Apache 2'nin / var / www içindeki www-data kullanıcısı için izinleri en iyi kullanma şekli nedir?

215

Kimse dosyaları işlemek için güzel bir çözüm var /var/wwwmı? Ad Tabanlı Sanal Konakları çalıştırıyoruz ve Apache 2 kullanıcısı www-data .

İki normal kullanıcımız ve root'umuz var. Yani dosyaları karıştırırken yapmak zorunda değilsiniz /var/www...

chown -R www-data:www-data

... her zaman, bununla baş etmenin iyi bir yolu nedir?

Ek soru: Daha sonra izinleri ne kadar zorlarsın?

Bu, işbirlikçi geliştirme ortamlarında her zaman bir sorun olmuştur.

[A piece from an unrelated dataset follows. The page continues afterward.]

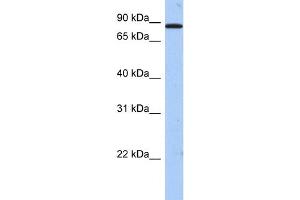 WB Suggested Anti-TMTC1 Antibody Titration:  0. (TMTC1 antibody  (Middle Region))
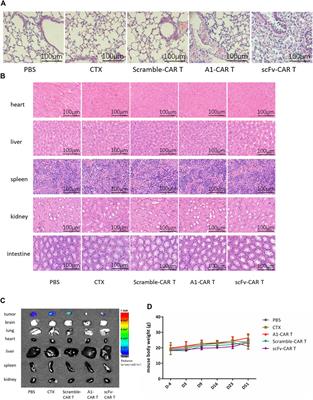Reforming the Chimeric Antigen Receptor by Peptide Towards Optimized CAR T Cells With Enhanced Anti-Cancer Potency and Safety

linux  apache-2.2  debian  file-permissions  www-data 
Gareth
kaynak
Zoredache

Yanıtlar:

206

@ Zoredache'nin cevabını genişletmeye çalışmak , bunu kendim hallederim:

  • Yeni bir grup oluşturun (www-pub) ve kullanıcıları bu gruba ekleyin

    groupadd www-pub

    usermod -a -G www-pub usera ##, mevcut gruplara eklemek için -a öğesini kullanmalıdır

    usermod -a -G www-pub userb

    groups usera ## kullanıcı için ekran grupları

  • / Var / www altındaki herşeyin sahipliğini root olarak değiştirin: www-pub

    chown -R root:www-pub /var/www Özyinelemeler için ## -R

  • Tüm klasörlerin izinlerini 2775 olarak değiştirin.

    chmod 2775 /var/www ## 2 = set grubu kimliği, 7 = işletme sahibi (root) için rwx, grup için 7 = grup (www-pub), 5 = dünya için rx (apache www-data kullanıcısı dahil)

    Grup kimliğini ayarla ( SETGID ) bit (2), grubun (www-pub) bu ​​klasörde oluşturulan tüm yeni dosyalara / klasörlere kopyalanmasına neden olur. Diğer seçenekler, kullanıcı kimliğini kopyalamak için SETUID (4) ve sadece sahibinin dosyaları silmesine izin verdiğini düşündüğüm STICKY (1).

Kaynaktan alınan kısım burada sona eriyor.